And that era is gone, kind of, kind of.
We still have Matt Rife.
Julia Louis Dreyfus responded to this clip
of Seinfeld complaining about wokeness
in an interview with the New York
times she said, quote, I think to have an antenna about sensitivities is not a bad thing. It doesn't
mean that all comedy goes out the window as a result. When I hear people starting to complain about
political correctness and I understand why people might push back on it, but to me that's a red flag
because it sometimes means something else. I believe being aware of certain sensitivities is not a
bad thing. I don't know how else to say it. Get him again for me.
Ah, queen. Shall we move on? Oh, right, because we already did the Pop-Tarts thing.

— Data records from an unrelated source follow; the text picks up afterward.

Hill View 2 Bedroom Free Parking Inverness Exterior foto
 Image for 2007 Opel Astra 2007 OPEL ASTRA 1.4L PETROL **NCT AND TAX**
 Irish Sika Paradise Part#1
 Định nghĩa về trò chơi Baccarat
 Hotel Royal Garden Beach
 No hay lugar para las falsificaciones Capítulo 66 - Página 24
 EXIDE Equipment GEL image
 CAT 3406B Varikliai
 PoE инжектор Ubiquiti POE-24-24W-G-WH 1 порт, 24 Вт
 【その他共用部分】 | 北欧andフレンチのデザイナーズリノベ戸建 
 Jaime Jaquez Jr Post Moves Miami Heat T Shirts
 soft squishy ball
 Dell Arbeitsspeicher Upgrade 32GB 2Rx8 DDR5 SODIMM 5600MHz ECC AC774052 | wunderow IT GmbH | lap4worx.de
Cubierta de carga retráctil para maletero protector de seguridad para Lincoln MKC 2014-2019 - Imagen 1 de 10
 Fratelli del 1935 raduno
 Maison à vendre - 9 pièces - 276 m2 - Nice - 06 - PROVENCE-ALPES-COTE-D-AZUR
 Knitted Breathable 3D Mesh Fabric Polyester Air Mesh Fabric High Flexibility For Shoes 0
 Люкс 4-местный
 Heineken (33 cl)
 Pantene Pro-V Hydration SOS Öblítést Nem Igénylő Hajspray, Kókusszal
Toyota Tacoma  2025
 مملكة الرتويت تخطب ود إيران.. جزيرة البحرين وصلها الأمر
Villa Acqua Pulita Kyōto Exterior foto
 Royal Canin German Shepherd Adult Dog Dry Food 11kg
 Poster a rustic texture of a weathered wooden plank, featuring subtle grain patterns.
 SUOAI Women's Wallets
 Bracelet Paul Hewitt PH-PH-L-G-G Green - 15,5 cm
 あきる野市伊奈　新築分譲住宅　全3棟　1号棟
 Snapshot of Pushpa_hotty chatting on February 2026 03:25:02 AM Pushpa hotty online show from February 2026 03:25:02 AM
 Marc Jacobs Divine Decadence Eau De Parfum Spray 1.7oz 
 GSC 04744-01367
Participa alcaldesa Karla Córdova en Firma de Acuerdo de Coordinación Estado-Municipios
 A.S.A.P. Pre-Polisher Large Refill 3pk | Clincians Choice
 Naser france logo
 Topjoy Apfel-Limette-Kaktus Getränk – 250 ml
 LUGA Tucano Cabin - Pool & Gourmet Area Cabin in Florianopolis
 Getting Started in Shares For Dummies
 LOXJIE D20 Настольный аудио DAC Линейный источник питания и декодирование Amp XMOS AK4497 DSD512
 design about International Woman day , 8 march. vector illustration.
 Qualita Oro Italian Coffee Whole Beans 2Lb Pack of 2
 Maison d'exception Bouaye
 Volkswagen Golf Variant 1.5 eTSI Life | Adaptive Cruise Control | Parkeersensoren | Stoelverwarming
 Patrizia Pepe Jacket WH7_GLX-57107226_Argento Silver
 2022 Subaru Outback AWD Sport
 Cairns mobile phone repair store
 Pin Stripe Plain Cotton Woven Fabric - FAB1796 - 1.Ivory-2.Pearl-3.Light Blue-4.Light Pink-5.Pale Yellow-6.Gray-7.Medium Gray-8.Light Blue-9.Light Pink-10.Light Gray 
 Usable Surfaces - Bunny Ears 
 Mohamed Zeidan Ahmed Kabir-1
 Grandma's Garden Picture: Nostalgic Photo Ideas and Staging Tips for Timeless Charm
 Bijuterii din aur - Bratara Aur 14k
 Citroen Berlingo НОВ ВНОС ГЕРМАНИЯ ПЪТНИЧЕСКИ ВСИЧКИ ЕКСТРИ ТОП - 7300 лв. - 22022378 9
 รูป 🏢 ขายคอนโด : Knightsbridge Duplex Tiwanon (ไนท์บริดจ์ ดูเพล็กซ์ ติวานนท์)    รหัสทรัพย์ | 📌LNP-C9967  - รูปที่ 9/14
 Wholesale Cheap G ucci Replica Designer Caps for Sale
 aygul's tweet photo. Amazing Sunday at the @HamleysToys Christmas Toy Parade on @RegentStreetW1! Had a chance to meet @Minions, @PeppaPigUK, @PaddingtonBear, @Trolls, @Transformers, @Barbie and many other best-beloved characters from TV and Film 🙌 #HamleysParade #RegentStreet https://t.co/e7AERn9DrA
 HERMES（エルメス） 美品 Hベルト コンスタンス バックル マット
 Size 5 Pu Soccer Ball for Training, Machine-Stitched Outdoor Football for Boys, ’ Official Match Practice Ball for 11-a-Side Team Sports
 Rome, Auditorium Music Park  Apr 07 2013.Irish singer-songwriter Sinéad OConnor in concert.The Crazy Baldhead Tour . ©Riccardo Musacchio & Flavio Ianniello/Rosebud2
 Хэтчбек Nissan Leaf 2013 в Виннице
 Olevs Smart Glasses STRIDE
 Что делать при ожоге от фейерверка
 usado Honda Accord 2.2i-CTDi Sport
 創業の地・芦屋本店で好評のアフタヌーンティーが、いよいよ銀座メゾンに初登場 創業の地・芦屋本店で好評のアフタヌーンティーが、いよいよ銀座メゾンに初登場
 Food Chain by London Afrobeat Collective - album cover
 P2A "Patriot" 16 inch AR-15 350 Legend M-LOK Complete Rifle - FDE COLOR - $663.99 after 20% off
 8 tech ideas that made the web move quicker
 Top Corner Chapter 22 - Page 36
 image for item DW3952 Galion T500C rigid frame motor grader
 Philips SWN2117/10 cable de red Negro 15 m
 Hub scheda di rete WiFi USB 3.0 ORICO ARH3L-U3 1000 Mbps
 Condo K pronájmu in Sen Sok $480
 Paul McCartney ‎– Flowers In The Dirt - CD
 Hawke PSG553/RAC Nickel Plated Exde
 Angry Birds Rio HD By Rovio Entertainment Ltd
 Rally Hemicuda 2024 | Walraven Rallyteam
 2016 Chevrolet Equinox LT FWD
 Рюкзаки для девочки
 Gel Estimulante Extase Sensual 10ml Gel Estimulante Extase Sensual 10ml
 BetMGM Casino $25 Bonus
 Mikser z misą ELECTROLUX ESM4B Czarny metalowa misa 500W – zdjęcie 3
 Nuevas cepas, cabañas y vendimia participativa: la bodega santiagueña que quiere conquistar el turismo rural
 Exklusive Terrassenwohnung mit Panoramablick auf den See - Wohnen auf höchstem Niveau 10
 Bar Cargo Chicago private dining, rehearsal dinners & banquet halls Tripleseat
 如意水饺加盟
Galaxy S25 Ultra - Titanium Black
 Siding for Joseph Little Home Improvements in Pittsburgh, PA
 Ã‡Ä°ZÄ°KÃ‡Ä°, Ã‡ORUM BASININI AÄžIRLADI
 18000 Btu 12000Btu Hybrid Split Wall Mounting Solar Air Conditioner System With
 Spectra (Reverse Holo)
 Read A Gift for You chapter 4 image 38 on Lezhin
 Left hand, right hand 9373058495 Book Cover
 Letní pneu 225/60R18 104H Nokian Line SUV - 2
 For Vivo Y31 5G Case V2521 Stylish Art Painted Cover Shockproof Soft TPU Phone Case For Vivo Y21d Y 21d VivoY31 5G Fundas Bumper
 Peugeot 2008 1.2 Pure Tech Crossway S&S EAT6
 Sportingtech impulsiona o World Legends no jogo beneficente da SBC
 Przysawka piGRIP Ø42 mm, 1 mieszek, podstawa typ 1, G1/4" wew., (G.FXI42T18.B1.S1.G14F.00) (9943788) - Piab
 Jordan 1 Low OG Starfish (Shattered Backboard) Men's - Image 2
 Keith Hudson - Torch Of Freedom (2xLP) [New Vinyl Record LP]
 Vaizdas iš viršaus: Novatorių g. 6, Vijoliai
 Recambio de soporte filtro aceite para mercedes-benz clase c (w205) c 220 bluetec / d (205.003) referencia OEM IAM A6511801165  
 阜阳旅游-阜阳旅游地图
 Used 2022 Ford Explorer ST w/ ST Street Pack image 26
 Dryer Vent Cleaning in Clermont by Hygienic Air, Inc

Yeah, we did the
Pop Dark saying, what's the deal with genocide?
I support it.
You can't support it anymore.
Because of wokeness.
So like I said, Jerry Seinfeld, he went to Israel as a child to like work on a kibbutz,
a kvok, like foment a physical and emotional relationship to the land that he does not live on
and does not belong to him.
Hey, he may have an apartment in Tel Aviv.
He may have an apartment in Tel Aviv.
He may have an apartment in Tel Aviv, okay?
He may have a second home.
Oh, well, at this point, I wouldn't be shocked.
He probably bought one of the fucking Gwyneth Paltrow apartments already.
He probably put it down his down payment.
But, you know, he returned to Israel to promote the B movie.
He went a couple times over the 2010s to perform his quote-unquote comedy.
And then in December of 2023, two and a half months after October 7th and into the ensuing genocide.
And at which point, might I add, Israel?
had already murdered over 20,000 Palestinians, Jerry and his wife, Jessica, take a trip to Israel.
His wife, Jessica, who, by the way, there's just not enough time today.
But Jerry met Jessica, like, the week that she returned home from her honeymoon with the man that she had just married.
Messy. Messica.
Messica.
It's really a whole other thing.
And actually, on principle, I don't talk about, like, the morality.
of people cheating because I don't I don't it's not my business and I don't it's just this is a let's
keep it to the politics I hear you I'm I'm in agreement but in any case Jerry and his wife Jessica
take a trip to Israel in December 2023 he visits the the site of the October 7th attacks he does a
number of photo ops with IDF soldiers have you seen these I'm going to throw them on the screen
really the happiest he's looked since he was
I guess at the height of his career.
Now he gets to experience new heights
to travel with a bunch of guys
and pose with a bunch of guys
that they're going to kill children.
He really does.
He comes across a sort of perpetually miserable
in most of his interviews these days.
Yes.
And it is jarring how happy he looks
to be standing with these soldiers.
Could you speak to that though?
Because I do think there is,
it's all part of the psychology
of what Israel wants from Zionists,
which is this like fervent national.
It's very Nazi-like to me.
Well, yeah, and fervent nationalism can become a drug in and of itself.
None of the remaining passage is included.